- _PROBLEM REQUIREMENTS_
Reproduce exactly the lines from the one that holds "vanwezel Achterlicht rechts oes supply" through the last line of the entries, both ends included, but not the pictures.

+++

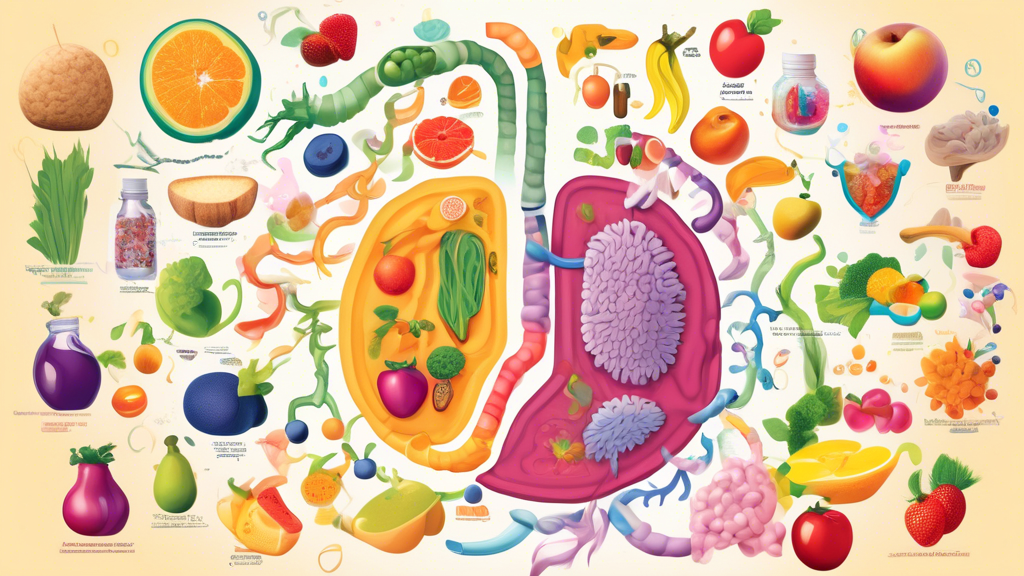 Discover how probiotics may help prevent obesity by influencing gut health and metabolism. Learn pra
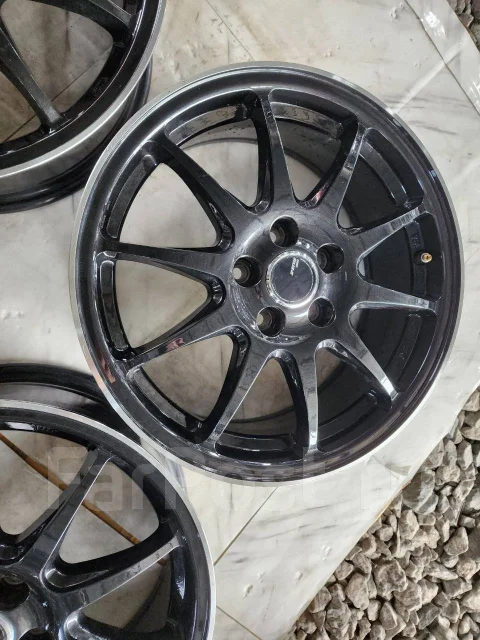 PDW JP Style Wolx. 6.5x16", 5x114.3, ET48 ����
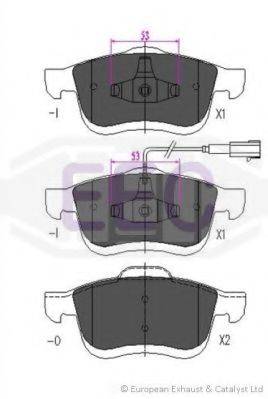 EEC BRP1793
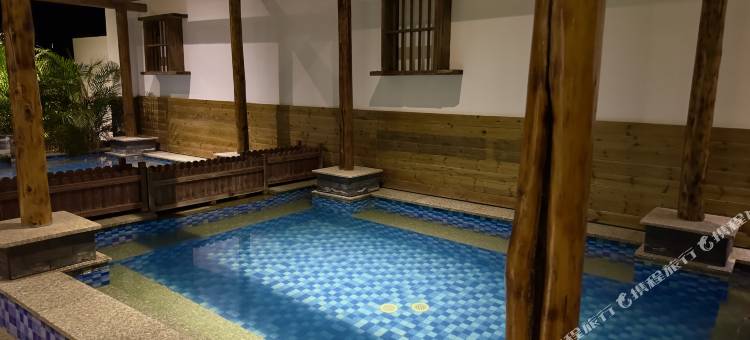 汤泉别院温泉民宿图片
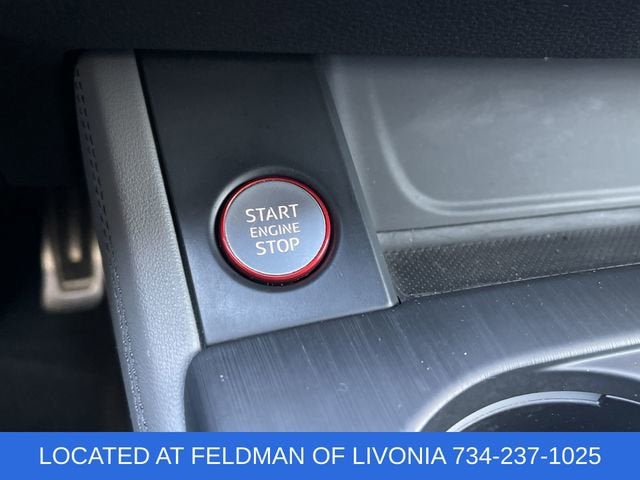 2018 Audi S5 Sportback Premium Plus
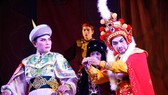 Nghệ thuật sân khấu tuồng trở thành Quốc kịch dưới thời nhà Nguyễn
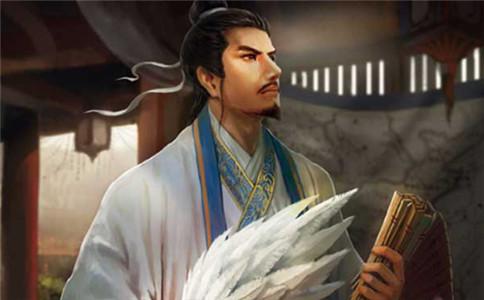 诸葛亮的座右铭1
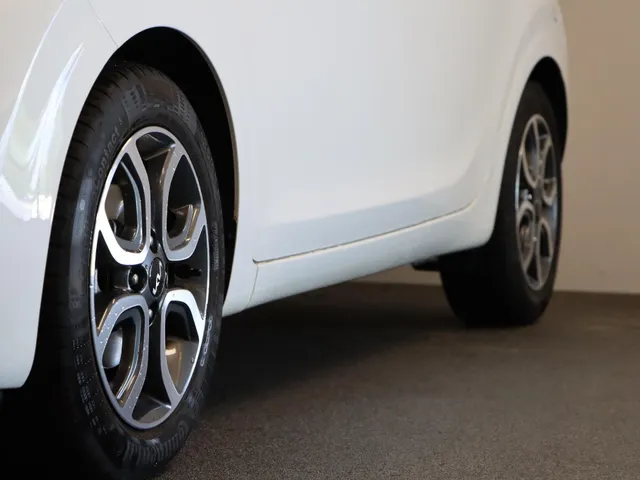 Kia Picanto 1.0 DPi DynamicPlusLine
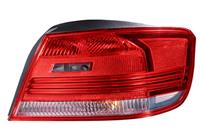 vanwezel Achterlicht rechts oes supply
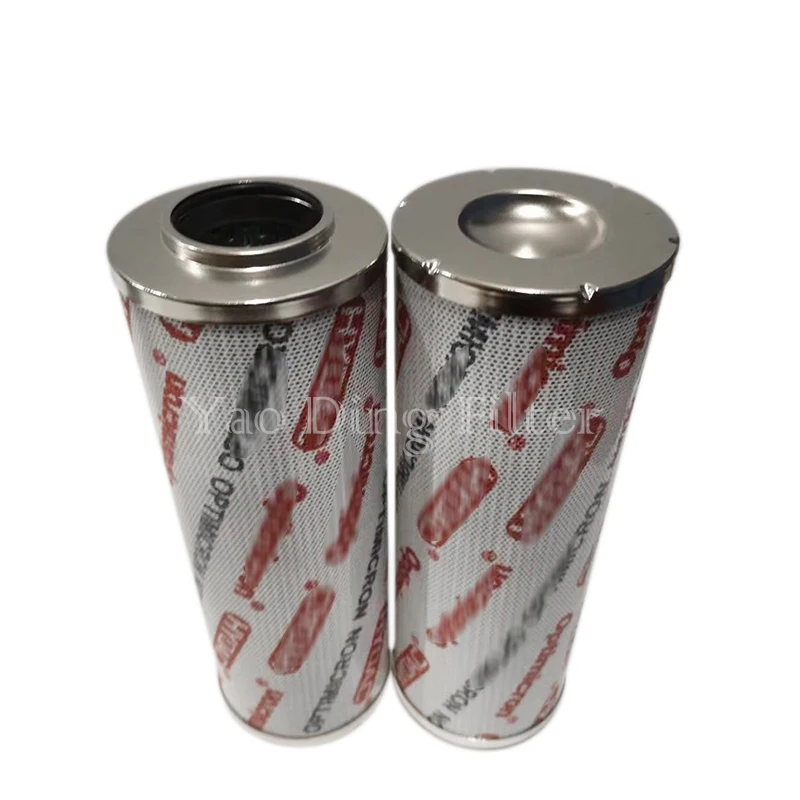 supply Filter Element V2.1217-36 Hydraulic Oil Filter Replacement For Parker PR4468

+++

- _ANSWER SECTION_
 vanwezel Achterlicht rechts oes supply
 supply Filter Element V2.1217-36 Hydraulic Oil Filter Replacement For Parker PR4468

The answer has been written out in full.